Days earlier, news reports emerged that Luzhkov had applied for a British visa, ostensibly to visit his children who are studying there.
And last month, Latvia rejected Luzhkov's request for a residency permit, citing the hostile comments he made about that country in the past. (Famously nationalistic, Luzhkov has described Riga's policy toward its Russian minority as "genocide.") Latvian officials say Luzhkov is on a blacklist of people banned from even entering the country.
Luzhkov's visa and residency permit hunting has naturally sparked chatter that he was preparing to emigrate, following the lead of other former insiders who fell out of favor with the Kremlin.
Despite the ex-mayor's strenuous denials that this is not the case, these are nevertheless nervous times for the man who once ruled Russia's glitzy capital like a feudal lord.
Sergei Stepashin, chairman of Russia’s Audit Chamber, says his investigators have uncovered financial violations in Luzhkov's City Hall totaling 230 billion rubles ($7.8 billion) in 2009 and 2010 alone.

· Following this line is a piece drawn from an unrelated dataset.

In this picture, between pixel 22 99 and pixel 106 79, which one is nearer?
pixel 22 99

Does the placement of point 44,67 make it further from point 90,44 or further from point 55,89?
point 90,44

Sergei Sobyanin, the man President Dmitry Medvedev appointed as Moscow's new mayor after firing Luzhkov last autumn, says he plans to review 100,000 contracts concluded by his predecessor's administration.
"There is a second information campaign against Luzhkov, comparable in scale to the one that led to his resignation in September 2010," the Russian daily "Vedomosti" wrote today.
Of course, the fact that corruption was endemic throughout much of Luzhkov's rule should surprise nobody.
"Considering all the impropriety and kickbacks, it would be easier for me to tell you the places where there wasn't any corruption. In public transportation, the metro, road construction, the abuses were enormous," Dmitry Katayev, a former member of the Moscow City Duma told RFE/RL's Russian Service in an interview today.
But as long as Luzhkov was politically useful, Katayev said the Kremlin turned a blind eye:
Indeed, the opposition's longstanding allegations against Luzhkov, who denies any wrongdoing, became relevant when the authorities decided they wanted to get rid of him. Before that they were ignored.
But of course we've seen this movie before. The Kremlin uses corruption as a means of controlling the elite -- letting it slide as long as one is useful and sufficiently deferent to the regime, all the while compiling a dossier that can be opened up at any time.
Today it is Luzhkov's turn to get thrown under the bus. Sooner or later, it will be somebody else's turn as well.